A solução para não haver racionamento de energia elétrica nestas condições está no Siste­ma Interligado Nacional, que conta com o apoio de grandes usinas hidrelétricas, como Itaipu, no Paraná e Tucuruí, no Pará, que têm água repre­sada nas estruturas e ajudam as barragens me­nores. “Quando a vazão é pequena, o Operador Nacional do Sistema Elétrico (ONS) aumenta a geração nas usinas com grandes lagos, aciona as termelétricas e, em último caso, restringe car­ga”, observa.

Salecker acrescenta que a média mensal de precipitações precisa voltar ao normal, entre 120 e 170 milímetros/mês, para manter o for­necimento. Ressalta que, se chover uma média de 15mm/semana, o problema é amenizado. “Existe sempre uma crítica muito forte à cons­trução de grandes usinas devido aos impactos ambientais, mas elas são fundamentais para que tenhamos energia com confiança de forne­cimento”, avalia.

Estiagens históricas

No Vale do Taquari, a pior estia­gem foi registrada entre 1943 e 1945. Neste período houve apenas chuvas esparsas.
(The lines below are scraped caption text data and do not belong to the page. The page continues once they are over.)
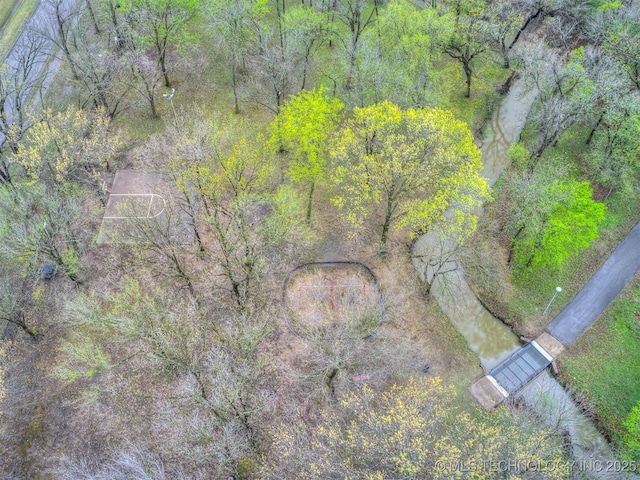 aerial view with a wooded view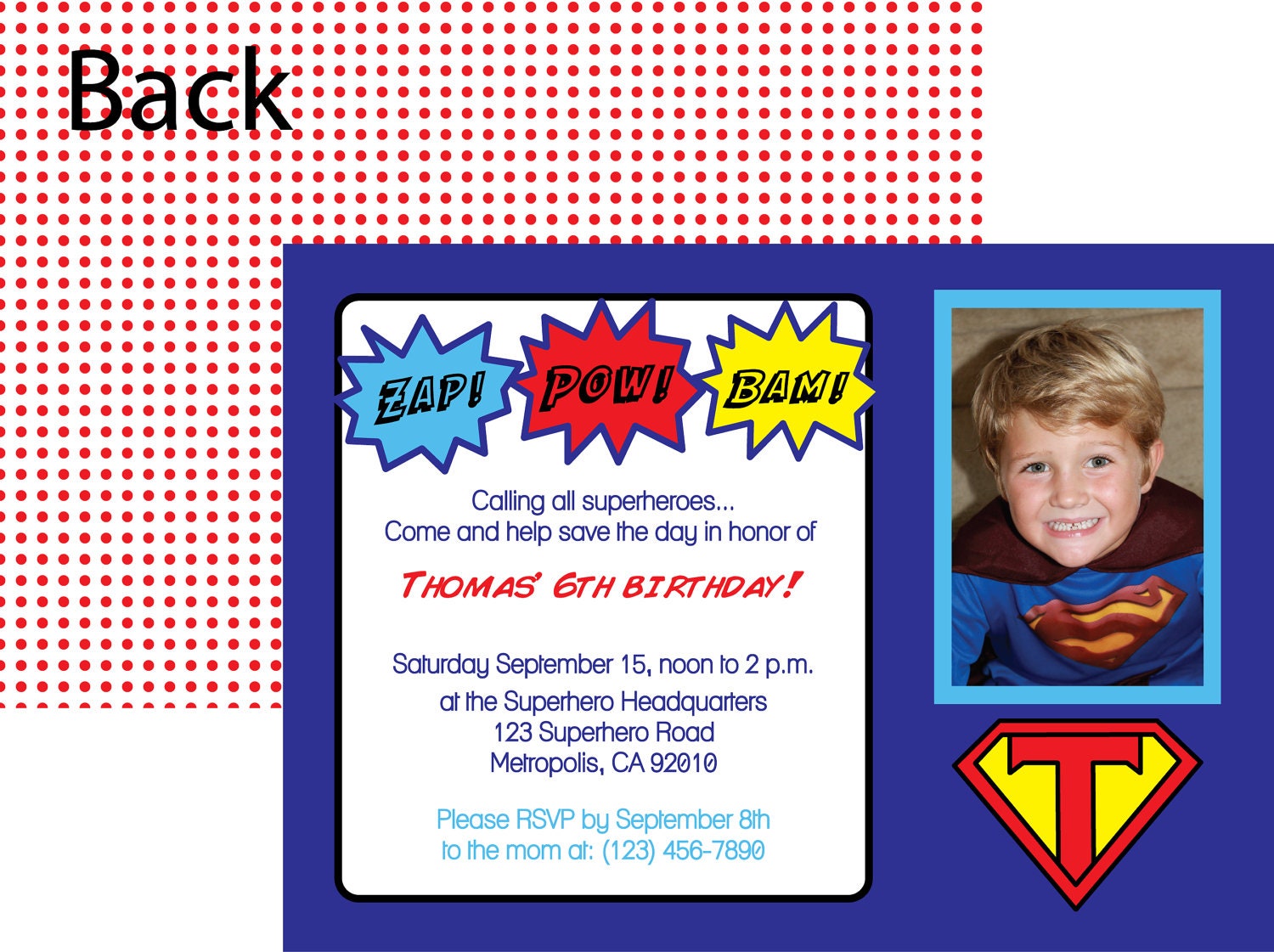 Comic Book Superhero- digital invitation- print your own Il_170x135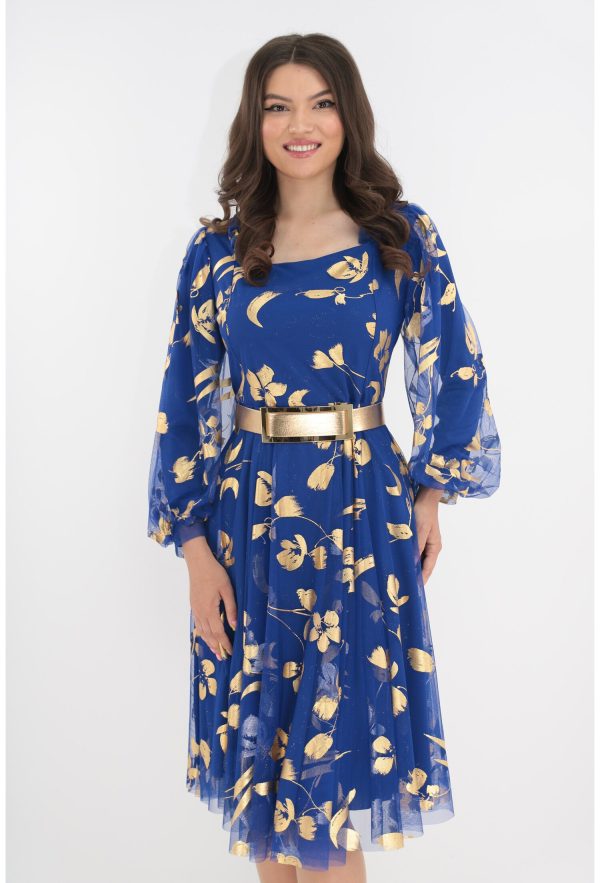 rochie de ocazie din tull albastru regal cu imprimeu auriu VT PHF02 82307 4 | Haine Tari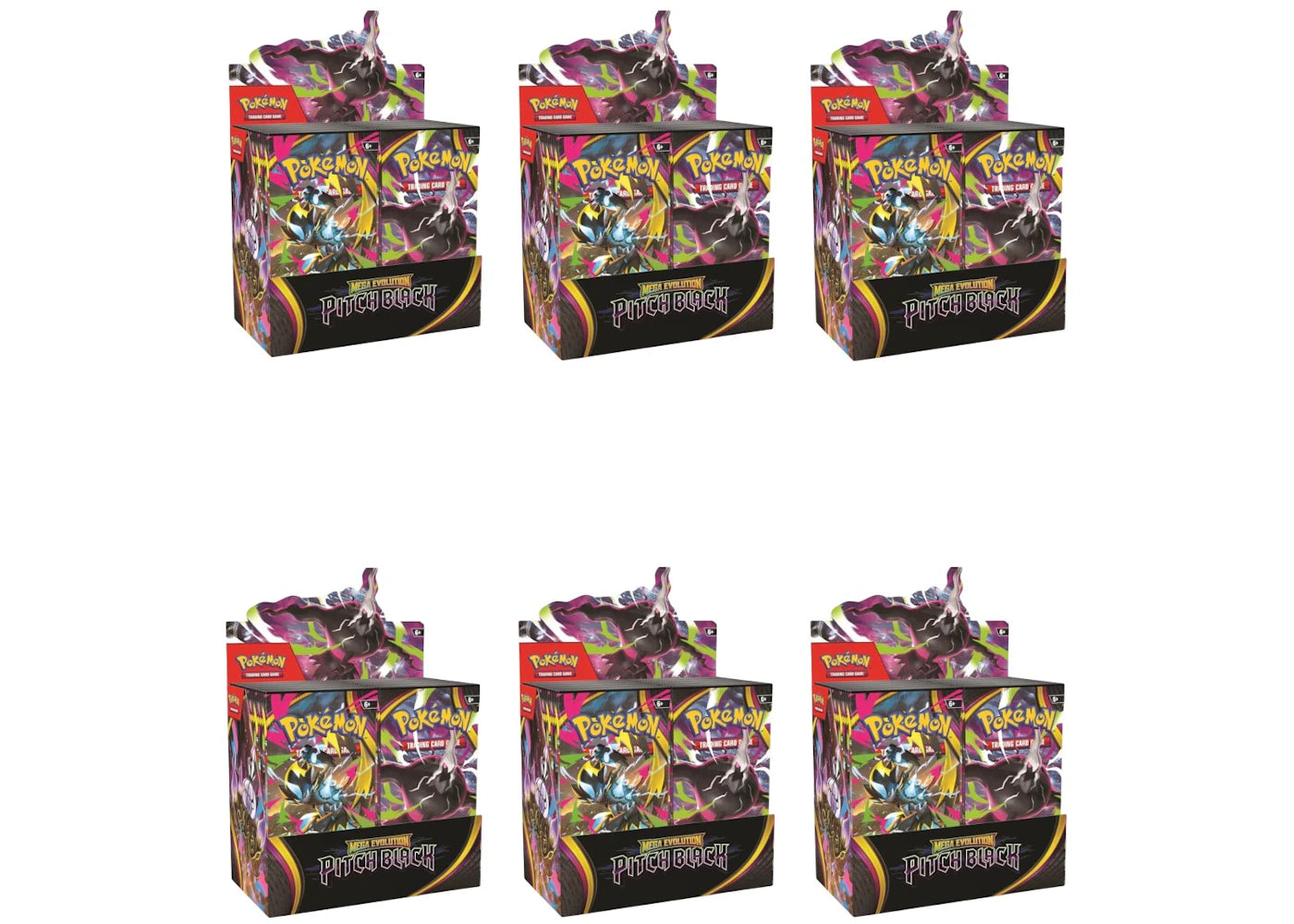 2026 Pokémon Mega Evolution Pitch Black Booster Box 6x Lot - main view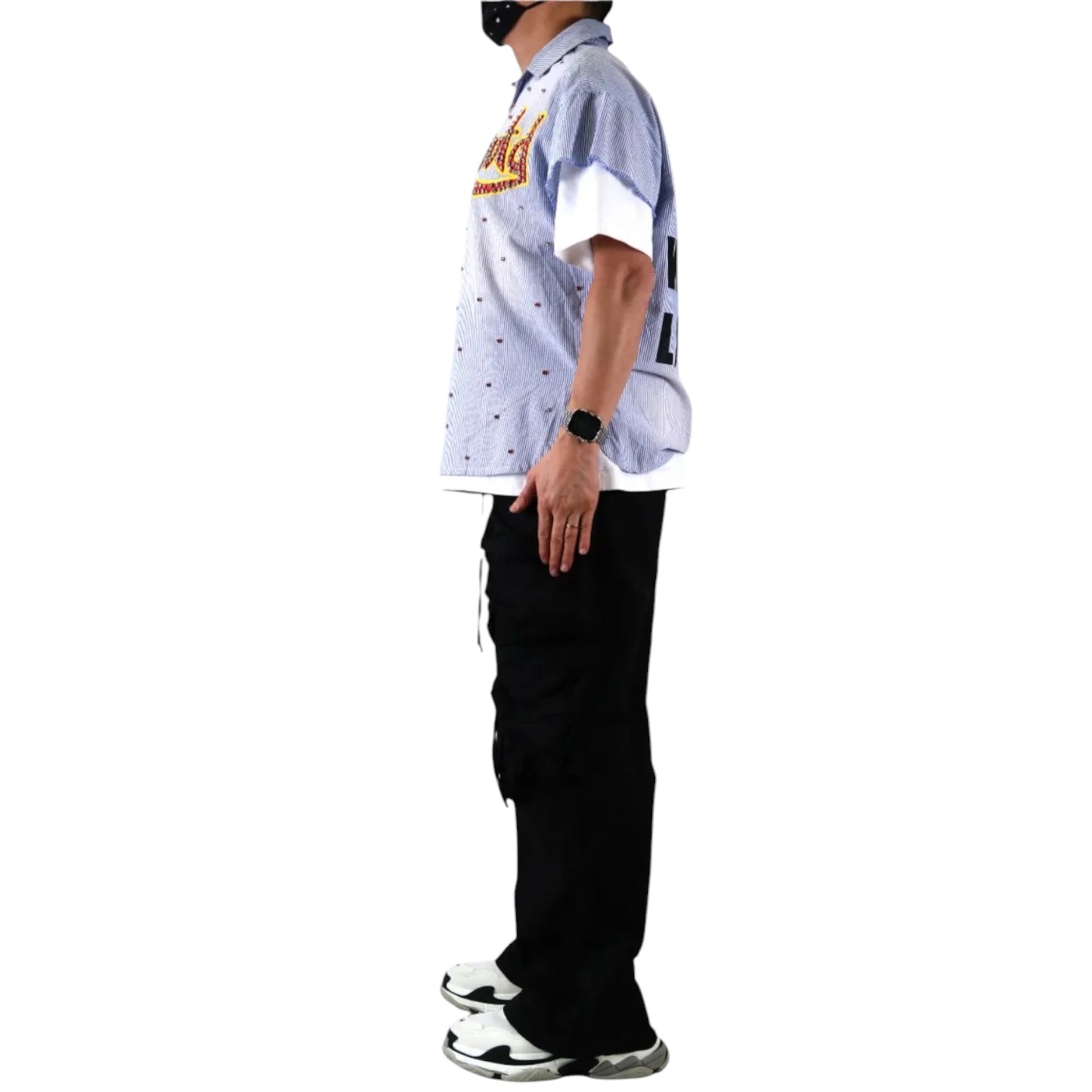 KLEEP: Ria Striped Crop Button Down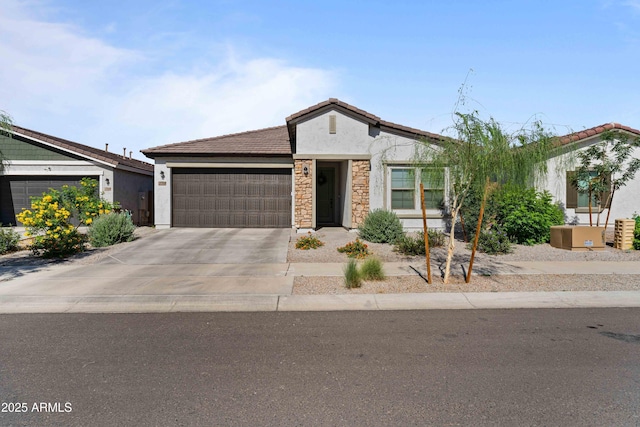 27510 N 30th Ln, Phoenix, AZ 85083 - ranch-style home with a garage, stucco siding, driveway, a tiled roof, and stone siding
Conforme o historiador José Alfredo Schierholt, a seca se prolon­gou por vários meses, provocando a perda total das safras.

As estiagens mais recentes ocorre­ram em 1985 e 1996. Para amenizar as perdas, o governo do estado criou o Cheque Seca. O valor era de R$ 400 por agricultor atingido. O dinheiro po­deria ser pago em duas prestações, com juros anuais de 6%.

Com dificuldades de pagamen­to, em 12 de setembro de 2002 foi assinada a anistia do Cheque Seca de R$ 3,3 milhões para 5.116 famí­lias em todo o estado. Os verões de 2004, 2005 e 2006 voltaram a cas­tigar a região com perdas nas lavou­ras que chegaram a 90% em alguns municípios.

A seca mais antiga da qual se tem registros aconteceu de 1876 para 1877, quando foi registrada pela primeira vez os fenômenos La Niña e El Niño.